Christ in Controversy – Part 2 (Authority: Tradition or Scripture)

Intro: Matt 14:34-36 – When they had crossed over, they came to the land of Gennesaret. 35 And when the men of that place recognized Him, they sent out into all that surrounding region, brought to Him all who were sick, 36 and begged Him that they might only touch the hem of His garment. And as many as touched it were made perfectly well. This is a common picture of Jesus – a compassionate healer. He did not turn away those who came to Him for help. As HE Himself said, He came not to be served, but to serve.. But the opening verses of Mark 7 present a contrasting view of Jesus. Not only is He the One who receives, He is also the One who rejects. John Macarthur states in His opening comments to Matthew 15“In this crucial passage we see the antithetical nature of the gospel message in Jesus’ teaching: The God of compassion is also the God of condemnation. Just as He heals those who come to Him, He condemns those who reject Him.” (from The MacArthur New Testament Commentary, Copyright © Moody Press and John MacArthur, Jr., 1983-2007.)

  • Tonight I want to consider one of the many confrontations between Jesus and the Pharisees, as recoded in Matthew 15, Mark 7
  •  Jesus had a strained relationship with the leaders of both the Pharisees and Sadducees. They were different ends of the spectrum in Judaism, but they both took offense at Jesus’ teaching. Josephus the Jewish historian wrote this about them… ‘What I would now explain is this, that the Pharisees have delivered to the people a great many observances by succession from their fathers, which are not written in the law of Moses; and for that reason it is that the Sadducees reject them, and say that we are to esteem those observances to be obligatory which are in the written word, but are not to observe what are derived from the tradition of our forefathers. (Josephus, Antiquities xui.io.6.) Jesus found fault with both… We will begin with one of His many confrontations with the Pharisees.

A. Jesus and the Pharisees: Mark 7:1-16 – a classic confrontation.
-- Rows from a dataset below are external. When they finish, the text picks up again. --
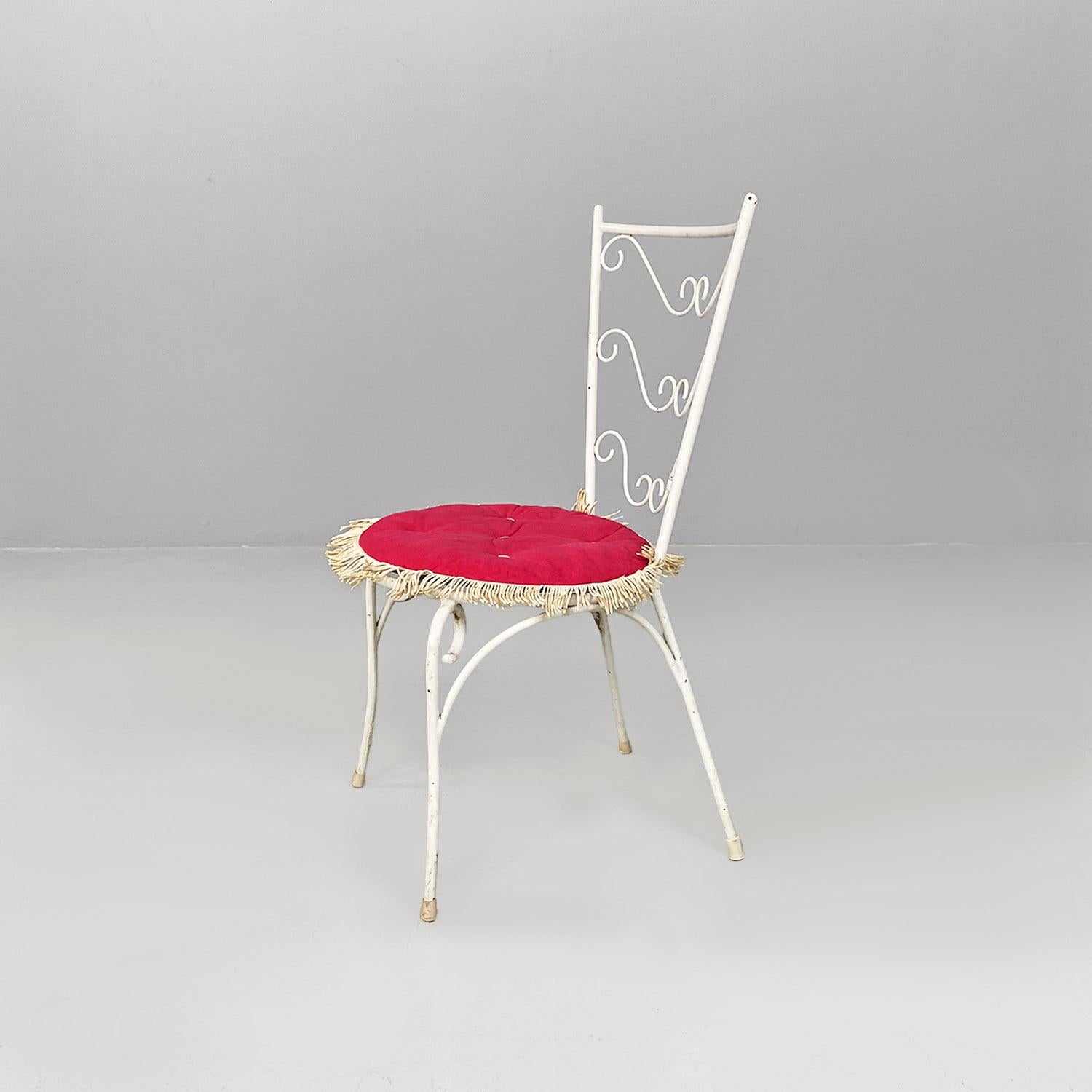 Chaises de jardin italiennes modernes du milieu du siècle dernier en fer blanc avec coussin rouge magenta 1960 en vente 1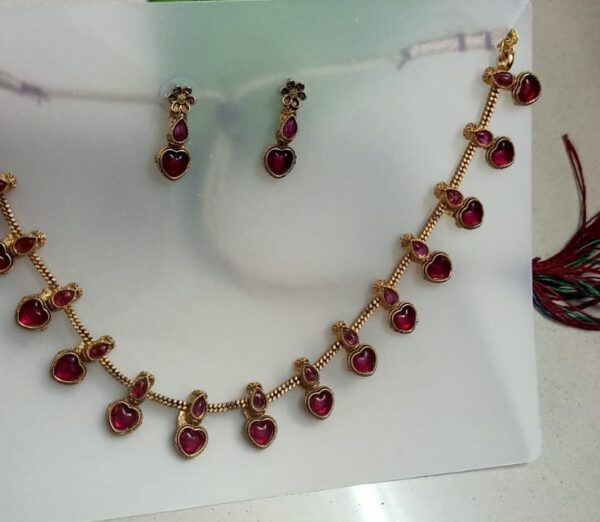 Red Heart Kemp Necklace Set – Antique Gold Finish - Image 2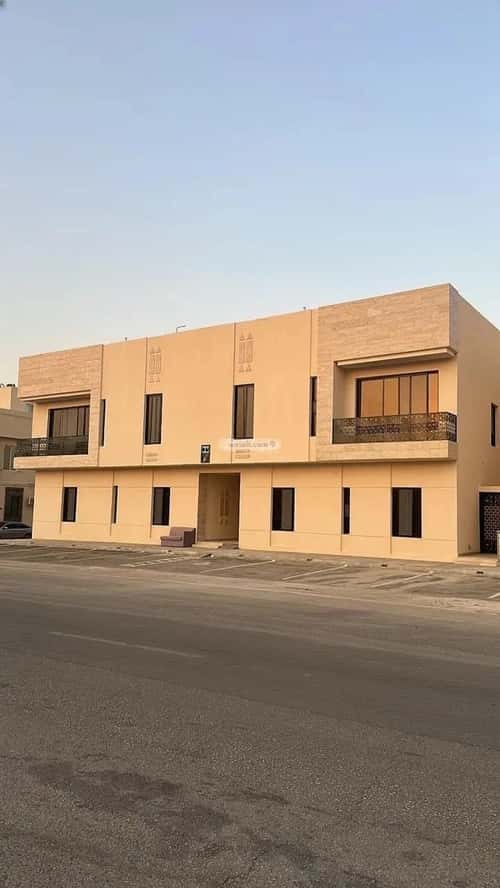 Building 840 SQM Facing West Twaeeq, West Riyadh, Riyadh
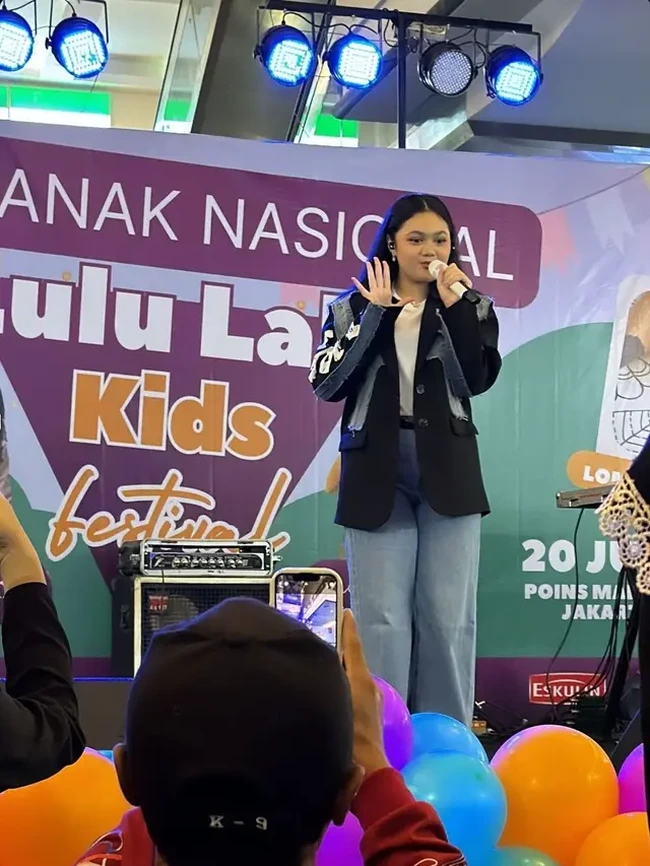 Tampil di acara peringatan Hari Anak Nasional, LuluLala Kids, penampilan Amora putri Krisdayanti jadi sorotan. Tak seperti biasa, gadis 12 tahun itu terlihat mengubah gaya rambutnya. Foto: Instagram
What did these Pharisees have against Jesus? They accused Him and the disciples of “not walking according to the traditions of the elders” (v. 5). It may seem strange that the Pharisees would be so bold to accuse Jesus of not following a tradition. By Jesus’ day, the tradition of the Jewish elders had for many years supplanted Scripture as the supreme religious authority. The traditions even affirmed that “the words of scribes are more lovely than the words of the law,” and it became a greater offense in Judaism to transgress the teaching of the rabbis than to transgress the teaching of Scripture.

      • The Pharisees believed that these ‘traditions of the fathers’, although handed down orally and not found in the written law, had nevertheless been given to Moses on Mount Sinai in addition to the law, and that by God Himself. Therefore, in their view, there were two parallel divine revelations, the written law and the oral tradition, equally important and equally authoritative.
      • During the second century BC these oral traditions came to be preserved in written form in the Mishnah. It has six divisions containing laws about agriculture, festivals and marriage, together with civil, criminal and ceremonial laws. It was supplemented later by the Gemara, which is a commentary on it. The Mishnah and the Gemara together form the Jewish Talmud.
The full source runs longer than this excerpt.